CRAWFORD, Texas (AP) - President Bush is launching a focus on Western battlegrounds with no sign that the biting rhetoric he has aimed at Democratic challenger John Kerry in recent days is as aggressive as it's going to get.
Bush spent one day off the campaign trail, relaxing on Sunday at his central Texas ranch and engaging in informal preparations for the final debate before Election Day - Wednesday in Tempe, Ariz.
On Monday, he stops in the far southeastern corner of New Mexico for a morning rally in the town of Hobbs, to begin several days of travel in the West, considered a second-tier battleground region behind the upper Midwest and big swing states like Ohio, Pennsylvania and Florida.
Later Monday, Bush hosts a lunch fund-raiser in Denver for Republican Pete Coors, who is running for a Senate seat being vacated by GOP Sen. Ben Nighthorse Campbell, and has another campaign rally at the scenic Red Rocks amphitheater.
Starting last week with a retooled stump speech and highlighted in their second debate, held Friday in St. Louis, Bush has delighted Republican supporters with a harder-hitting stance against Kerry.
Hoping to stunt the momentum the Massachusetts senator gained from a much-praised showing in the first debate and a week of difficult news for Bush on Iraq and the economy, aides are signaling the anti-Kerry arsenal is far from depleted.
"There's a lot more in (Kerry's) record that the American people are going to hear and know about by the time it's all over," said Karl Rove, Bush's chief political adviser.
Looking ahead to the final debate, set to focus entirely on domestic issues, Bush is devoting more time to talking about Kerry's record on taxes, health care and other domestic issues.
In the process, he is seeking to drive home two main characterizations of his rival: that Kerry is a die-hard liberal who lacks credibility because he tries to paint himself as otherwise. It's the domestic version of the weak, flip-flopping image the Bush team has tried to attach to Kerry on Iraq and the war on terror.
Campaigning Saturday in Missouri, Iowa and Minnesota, Bush mocked Kerry's debate promise never to raise taxes on those earning less than $200,000 as unbelievable and ridiculed his rival's plan to increase the number of people with health insurance as a federal takeover of health care, a characterization Kerry says is false since his plan does not call for nationalized health care. Many of Kerry's statements, Bush now likes to say, "don't pass the credibility test."

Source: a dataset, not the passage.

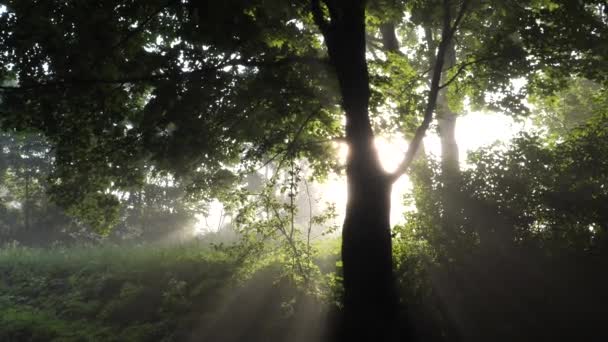 霧の中の朝日の中の美しい古い緑の木 - 映像、動画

Bush then warns - his audience often chanting along with him - that Kerry "can run but he cannot hide" from a record that the president criticizes as both unimpressive and unabashedly liberal.
In chats with reporters, two Bush's closest advisers - Rove and Karen Hughes - together used the word "liberal" nearly a dozen times to describe Kerry.
To Bush's repeated claim that Kerry is the most liberal senator, the Democrat's campaign notes that it was in only one congressional session, in 2003 when Kerry usually broke off campaigning only to vote on legislation critical to his party. When the National Journal magazine examined Kerry's long-term Senate voting record, he ranked No. 11 in liberalism.
Bush's attempt to increase his focus on domestic policy is buoyed by his advisers' assessment that his much-improved performance in the second debate was strongest when the discussion turned to domestic issues, an area where Kerry believes he has the advantage with voters.
After spending Monday night in Denver, Bush holds a rally in Colorado Springs on Tuesday before heading for the Wednesday evening debate at Arizona State University in Tempe. He spends most of Thursday in Nevada.
New Mexico was won by Democrat Al Gore by just 366 votes in 2000 and could be just as tight this year.
Arizona, once a battleground state, has been all but ceded to Bush, who won the state four years ago. Nevada and Colorado, also Bush states in 2000, tilt toward the incumbent but remain on Kerry's target list.